Elizabeth Warren says her parents had to elope because she was part Cherokee and part Delaware.
This entire situation is worse than I had thought. pic.twitter.com/E87HDB3Qqo
— 🌹 (@AlytaDeLeon) September 28, 2019
Here’s a 2012 posting at Legal Insurrection casting doubt on Senator Warren’s “My parents had to elope because my mother was an Indian” theory. The local newspaper article on their wedding portrays her mother as a socially popular daughter of a prominent local businessman.
On the other hand, lots of families have lots of complicated stories. (My go-to illustration of this is that Gerald Ford — the exemplar of a normal All-American man of broad but not overwhelming talents, athletic, legal, and political, — was named Lesley King until he was 3.)

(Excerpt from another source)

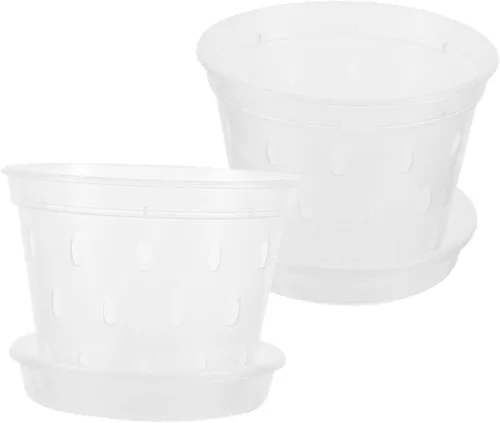 GALPADA 2 juegos de macetas transparentes transpirables para orquídeas con platillos, macetas ranuradas de plástico transparente para orquídeas y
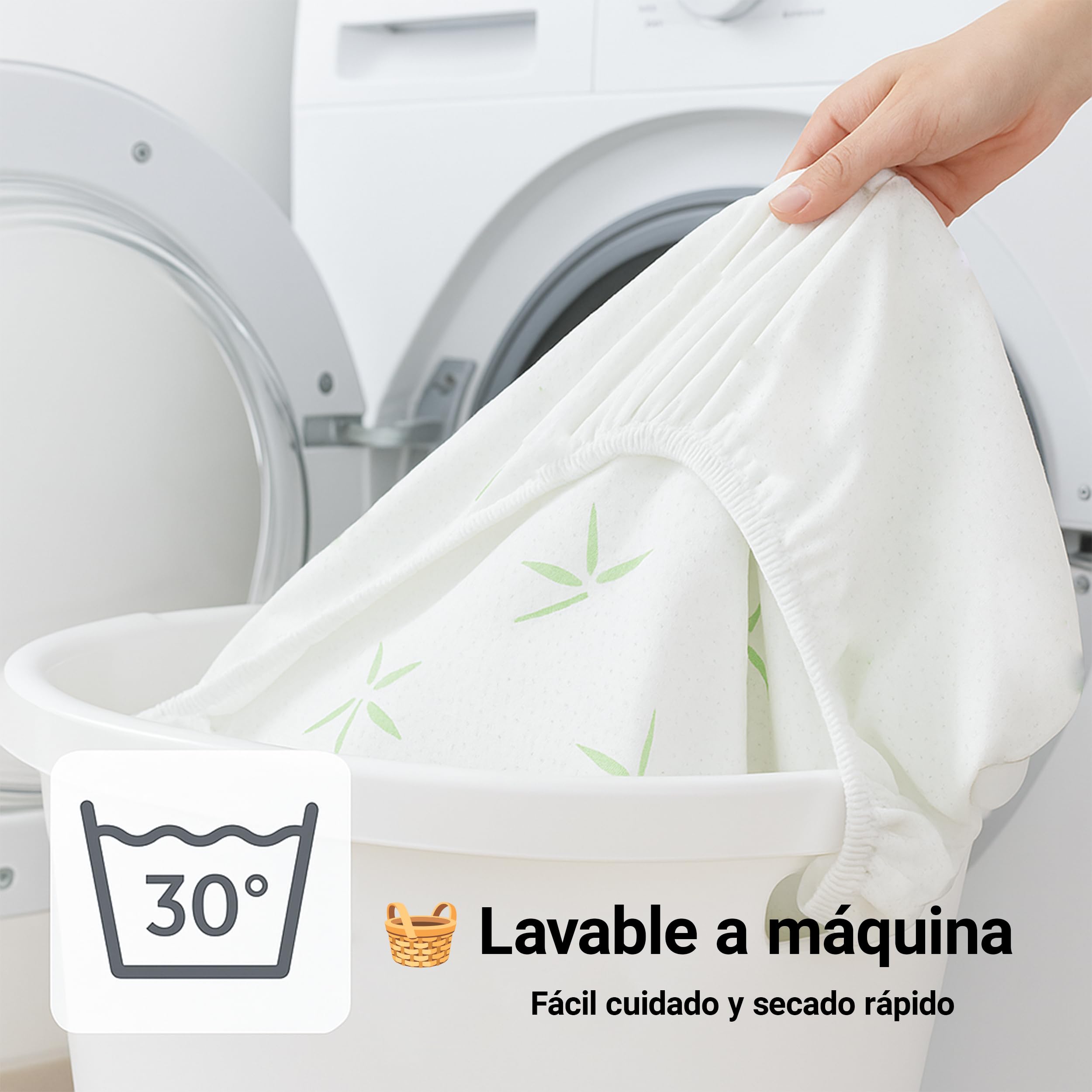 Protector Colchón Bambú Impermeable - Cubre Colchón Transpirable y Suave - Funda Colchón Ajustable hasta 30cm - Cama 90x190/200cm - Fibra de Bambú y Viscosa Premium, 2 Unidades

On the other, other hand, most Americans today assume from the black analogy that back in 1932 there must have been some sort of One Drop Rule against intermarriage with anybody with any Indian ancestry. But in 1932, the Vice President of the United States, Charles Curtis, was famously part Indian. Similarly, one of the first two Senators Oklahoma sent to Washington in 1907, Robert L. Owen, was famously part Cherokee and had won a $5 million judgement against the U.S. government for the Trail of Tears.
So, there was, in general, very little social detriment to being a tiny bit American Indian in the U.S. in the first half of the 20th Century. On the other hand, perhaps Senator Warren’s father’s parents had old-fashioned views dating back to the Indian Wars? (Anti-Indianism had largely died out by 1932 and been replaced by Indianphilia, but hatred of Indians was common in the 19th Century among Westerners who’d had to deal with them. For example, Mark Twain was fairly pro-black but he absolutely hated Indians.)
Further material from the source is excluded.